▸ **Work required**: Using the listing below, print exactly everything from the line with "Sterling Silver Rhodium" down to the line with "Image 2 : ELEGANT", both included, and nothing more.

▸ **Records to process**:
######
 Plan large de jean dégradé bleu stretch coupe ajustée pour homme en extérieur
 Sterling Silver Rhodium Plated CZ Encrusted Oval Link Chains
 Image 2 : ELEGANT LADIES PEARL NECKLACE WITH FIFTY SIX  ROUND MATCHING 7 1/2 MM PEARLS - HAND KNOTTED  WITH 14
######
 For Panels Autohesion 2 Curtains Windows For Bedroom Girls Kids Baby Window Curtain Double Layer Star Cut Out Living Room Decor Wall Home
######
▸ **Result for this task**:
 Sterling Silver Rhodium Plated CZ Encrusted Oval Link Chains
 Image 2 : ELEGANT LADIES PEARL NECKLACE WITH FIFTY SIX  ROUND MATCHING 7 1/2 MM PEARLS - HAND KNOTTED  WITH 14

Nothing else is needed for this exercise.